It would be a fitting tribute, would it not?
In the rush to name things after Ronald Reagan, especially stuff he screwed up (“Ronald Reagan National Airport” after he fired thousands of air traffic controllers and made our airways much less safe), could we not aim for appropriate memorials?
One of Ronald Reagan’s biggest legacies is his multiplying the national debt. Reagan’s supporters want to name a mountain somewhere after him — how about the mountain of debt, which is everywhere?

Artist's conception, Ronald Reagan on Mt. Rushmore - Fred J. Eckert, Eckert/Ambassador Images. Gutzon Borglum, the designer and sculptor for Mt. Rushmore, determined the rock on either side of the current four busts is unsuitable for carving -- Jefferson was moved from Washington's right where it was originally planned because the rock crumbled when carved.
Perhaps we could name it in his honor: The Ronald W. Reagan Memorial National Debt. Just imagine how that would change the tone and direction of discussions on spending and taxes in Washington and the state capitals.
What Republican could possibly vote against the “Ronald W. Reagan Memorial National Debt Ceiling Raising Act?”
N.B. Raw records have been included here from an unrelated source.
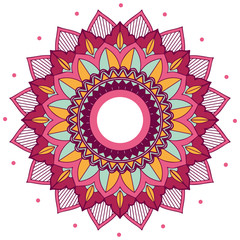 Mandala pattern design in pink and yellow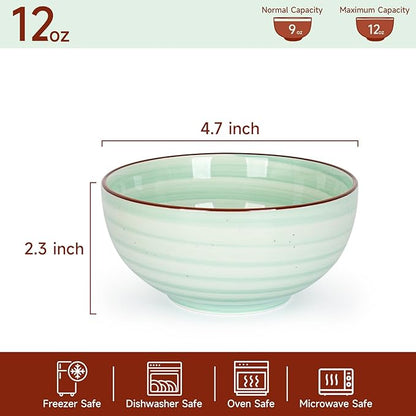 KitchenTour Dessert Bowls Set of 6, 12 OZ Ceramic Cereal Bowls for Kitchen, 4.7 Inch Small Bowls for Snack, Fruit, Ice Cream - Microwave & Dishwasher Safe, Assorted Warm Colors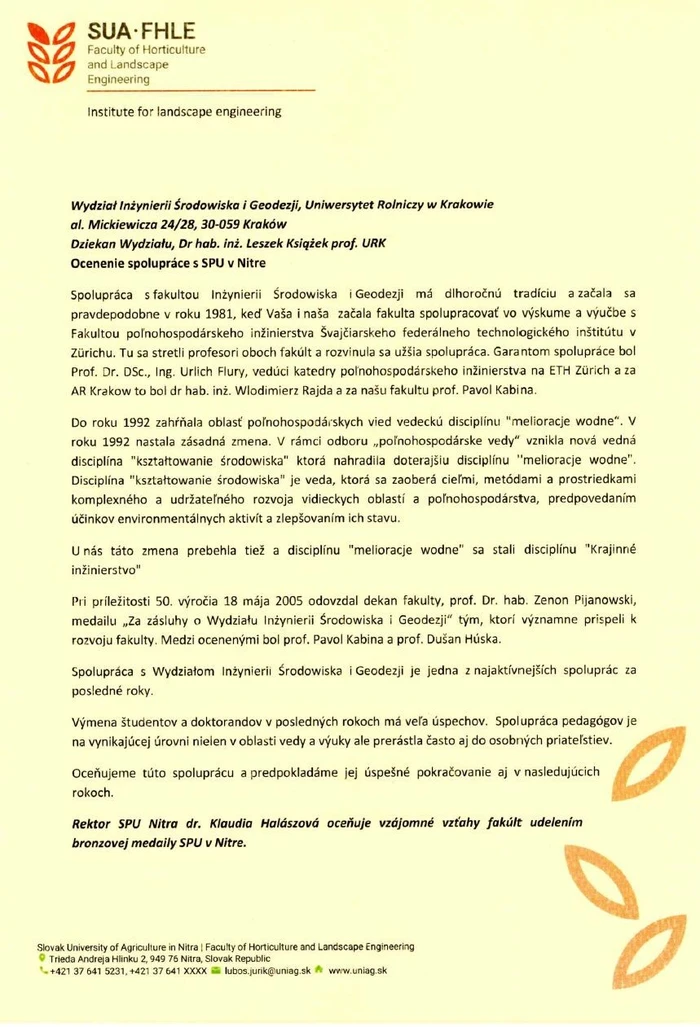 Instytut w Nitrze_gratulacje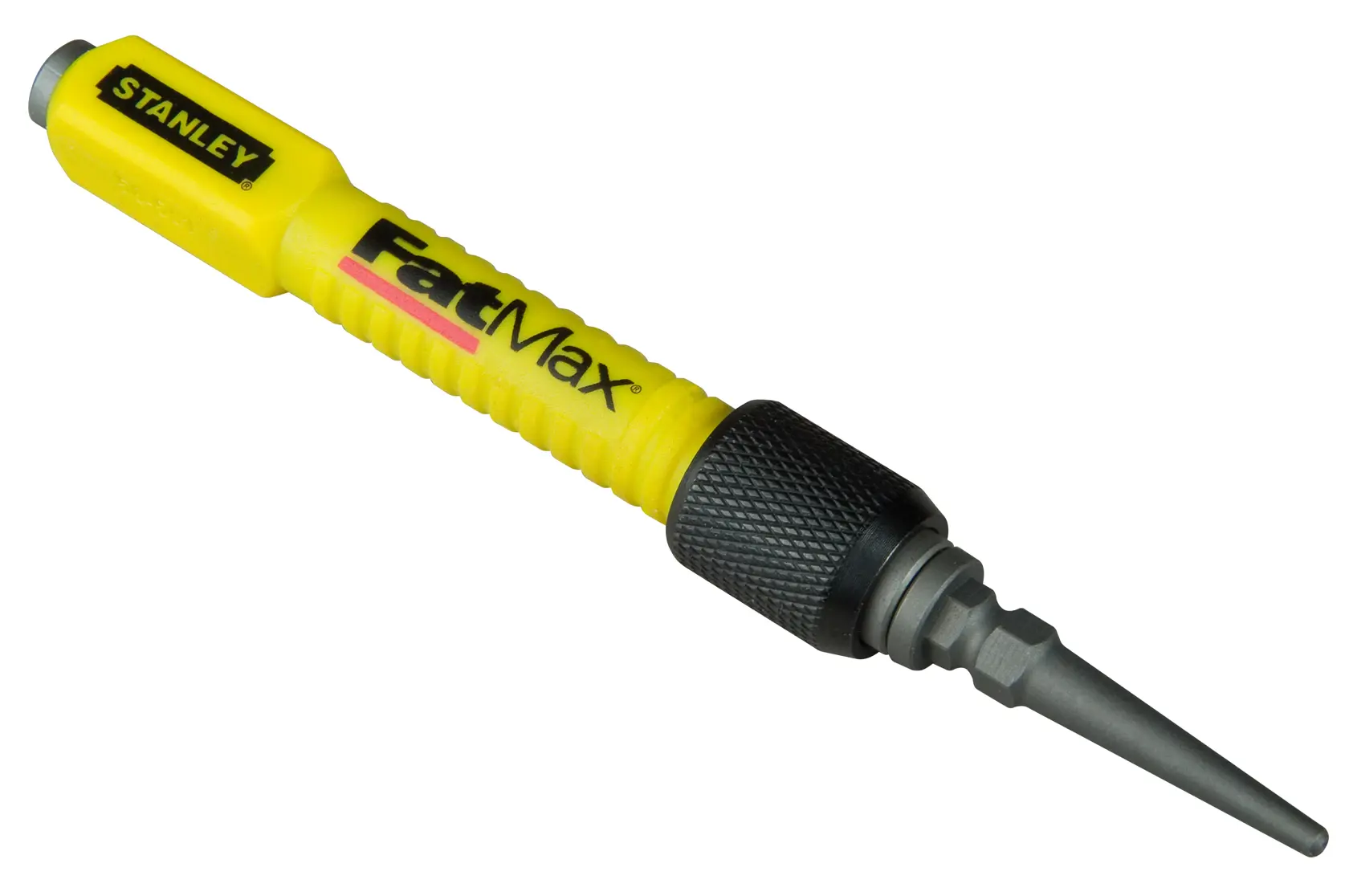 STANLEY 1-58-501 yellow and black FatMax automatic center punch, angled product photo on white background.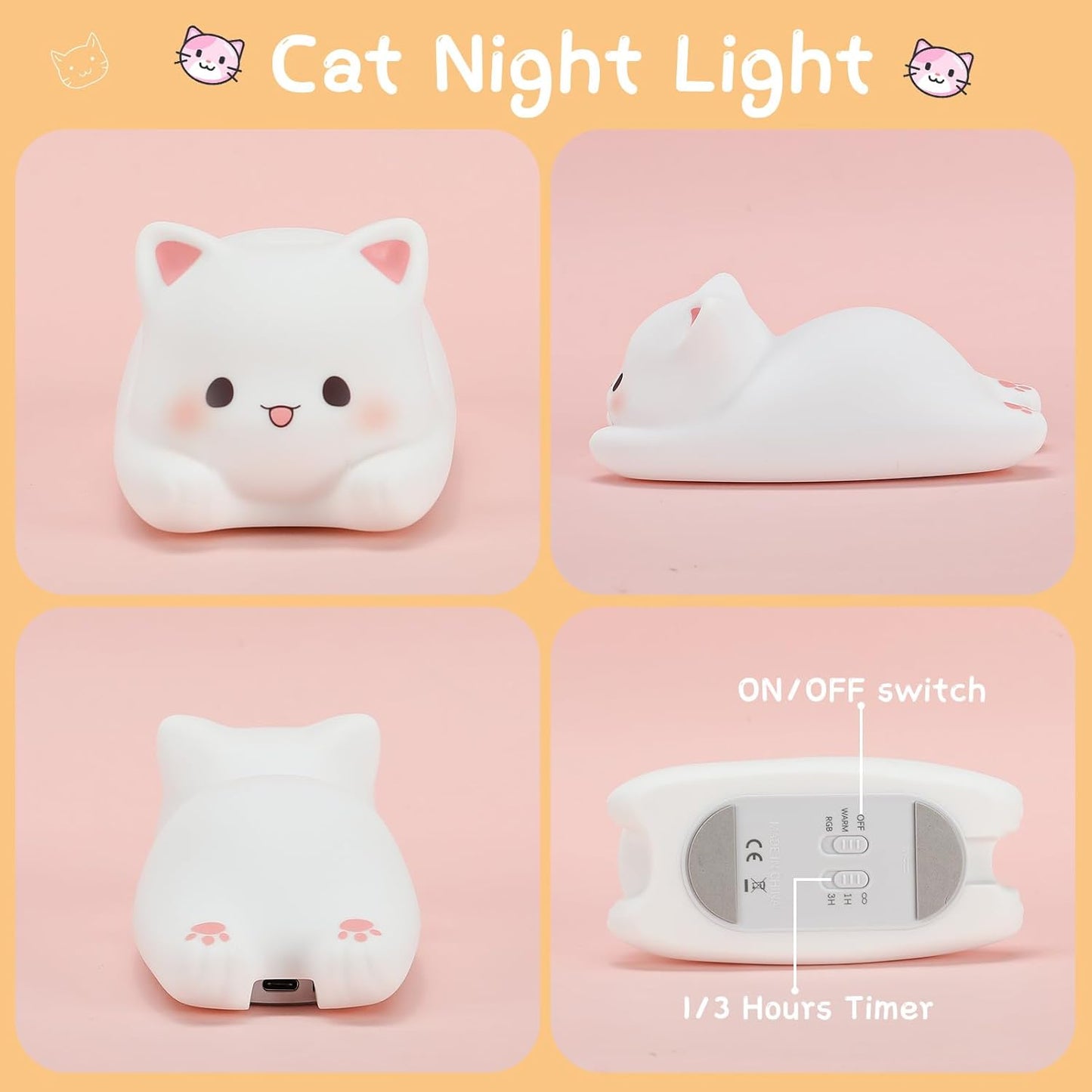 LOVERUIS Cute Night Light for Kids Cat Night-Light Baby Girl Squishy NightLight 1/3 Hour Timer Kitty Light Baby Dimmable Nursery Lamp Colorful Nightlight Gift for Kid Toddler Kawaii Bedroom (Kiki)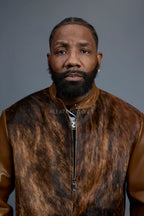 Men's Leather & Pony Biker Combo [Brown]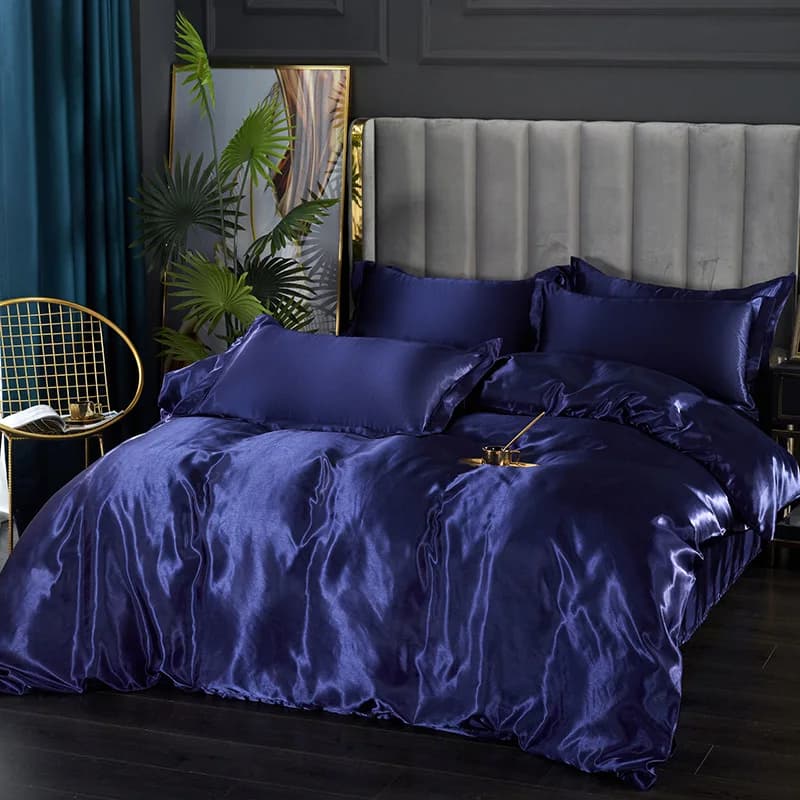 Bed linen set simple, smooth and washed silk, with duvet cover, sheet, pillowcase, luxury satin bed, simple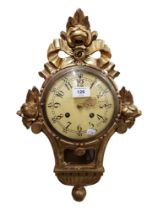 EDWARDIAN GILT MANTLE CLOCK WITH KEY AND PENDULUM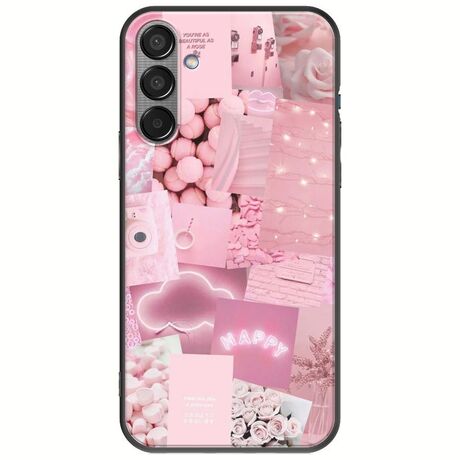 Aesthetic Pink Samsung Galaxy M55 5G Black TPU (Μαύρη Σιλικόνη)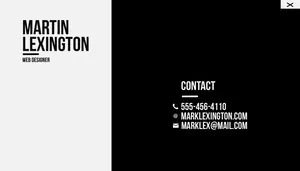 Black and White Simple Minimalist Web Designer Business Card Business Card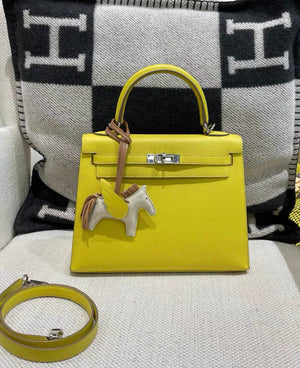 Hermes Kelly 25 Sellier Lime Epsom Palladium Hardware
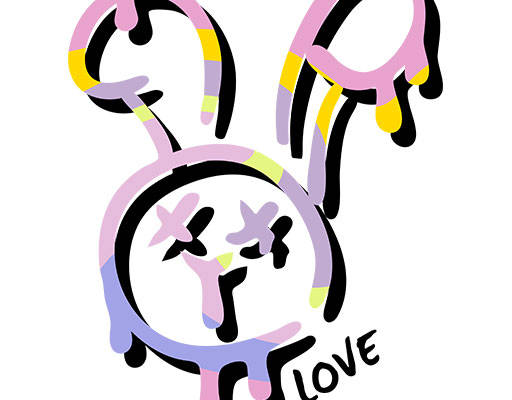 卡通兔子剪影矢量彩色兔子头像简笔卡通动物头像涂鸦卡通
Who will start the petition? Maybe Grover Norquist?
More:
- Rep. David Obey had the right idea in 1998
- The Ronald Reagan Building was the most expensive government building ever at the point of its construction — a point rarely mentioned in stories about the building today
The previous poster says, Lots of morons read this page
Says the guy who has just been reading this page.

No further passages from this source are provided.